Überhaupt: das Hygienekonzept! Ein solches auszuarbeiten und umzusetzen ist stets Sache des Veranstalters - der Fasching 2020 wäre für die Grafinger Vereine insofern durchaus eine große Verantwortung. Dementsprechend viel wird bei dem Treffen diskutiert, über die Lüftung zum Beispiel, über den Getränkeverkauf, aber vor allem über Abstände. Dürfen Turn- oder Tanzgruppen, die mittlerweile ja wieder ganz normal miteinander trainieren, "unter sich" auf einer Bühne auftreten? Ohne Masken? Ohne eineinhalb Meter? "Ich fände das logisch, aber solche Fragen muss man einfach mit dem Gesundheitsamt klären", so Schlagenhaufer. Und was das Hygienekonzept angehe: Ein solches liege bereits vor, und er werde den Vereinen auch dabei helfen, es ihren Veranstaltungen gemäß anzupassen.
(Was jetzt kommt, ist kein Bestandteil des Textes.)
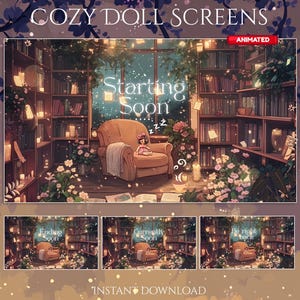 Könnte beinhalten: Animierte digitale Illustration eines gemütlichen Raumes mit Bücherregalen, Kerzen und einem bequemen Sessel. Der Text "Starting Soon" wird angezeigt, zusammen mit anderen Szenen mit der Aufschrift "Ending Soon", "Currently Soon" und "Be right back". Das Bild ist mit "Instant Download" beschriftet.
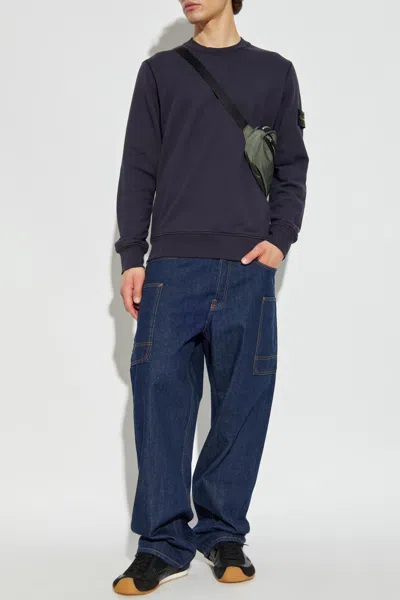 Stone Island Relaxed Fit Long-sleeve Crewneck Sweatshirt With Distinctive Patch In Blue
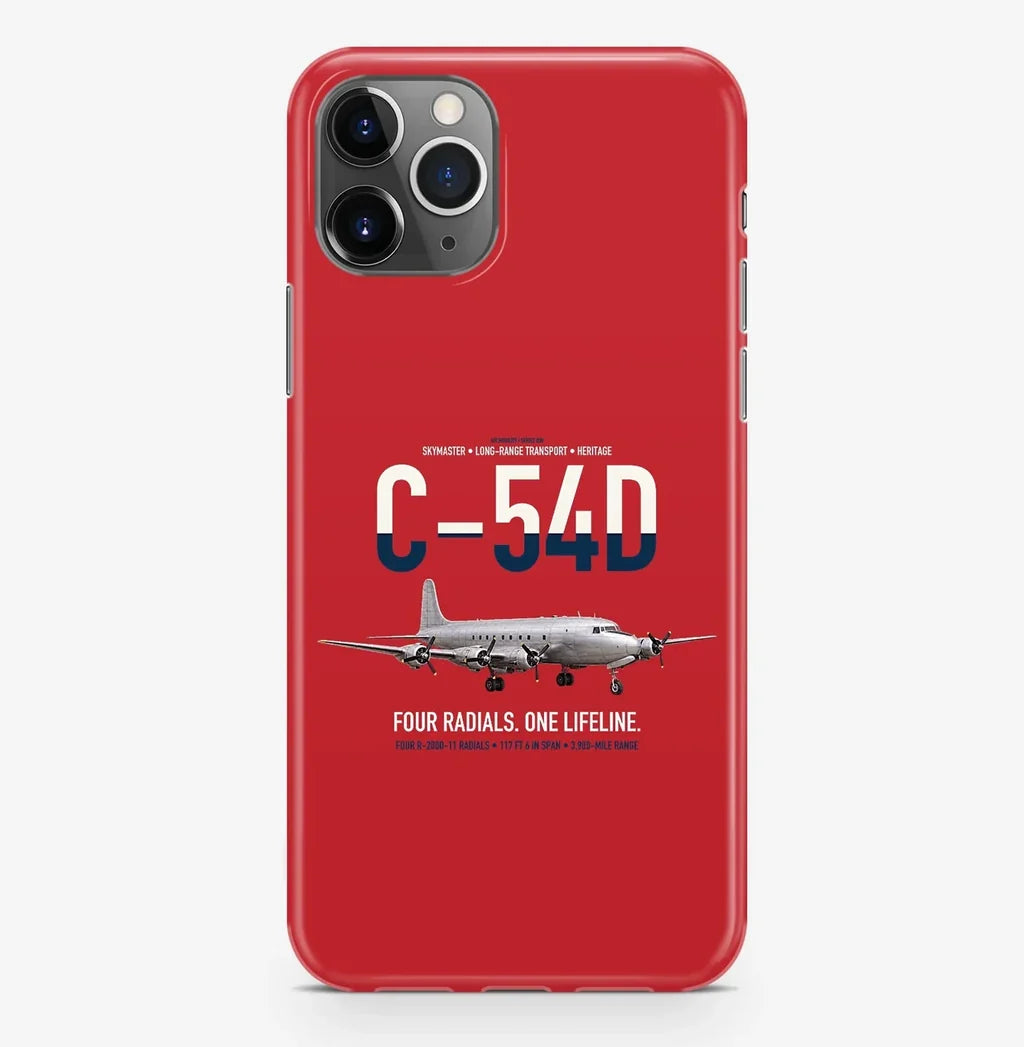 C-54D Skymaster design on red magsafe iphone case, for iPhone Pro Max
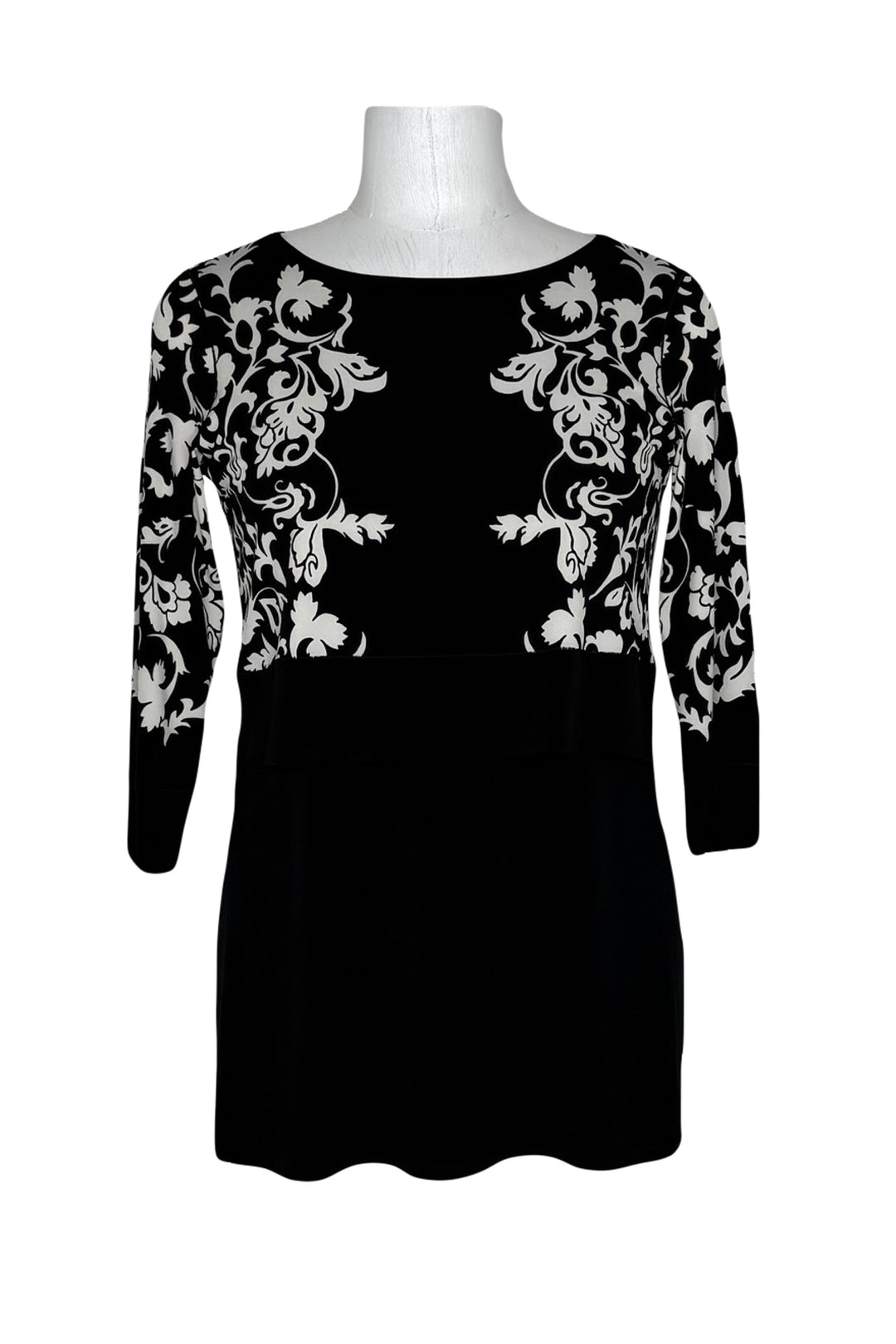 Side slit banded 3/4 sleeve layered tunic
Trotz aller Bedenken fangen die Faschings-Aktiven bereits an diesem Abend an, Ideen zu entwickeln. Von Büttenreden mit Tanzeinlagen ist die Rede, von Liveübertragungen, von einer Bühne im Freien oder einem Filmabend. "Wie schön, das wird der Fasching der Nichttänzer", scherzt da Martin Weigand alias Clown Giagl. "Ich glaube, es wäre gut, nicht das Übliche in einen beschränkten Rahmen quetschen zu wollen", sagt schließlich Nadine Sauer von den Faschingsbären. "Damit würden wir nur Enttäuschung ernten." Vielmehr gehe es nun darum, Ideen für neue Formate mit neuen Namen zu entwickeln - und eine Perspektive zu bieten, "vor allem den Kindern", ergänzt ihre Mutter Ursula Sauer.

Fest steht nun: Im Grafinger TSV, bei den Faschingsbären und der Feuerwehr werden beim Thema Fasching mehr denn je die Köpfe rauchen. Was am Ende dabei herauskommt, bleibt abzuwarten. Halligalli aber wird es nicht sein, denn Narren sind hier keine am Werk.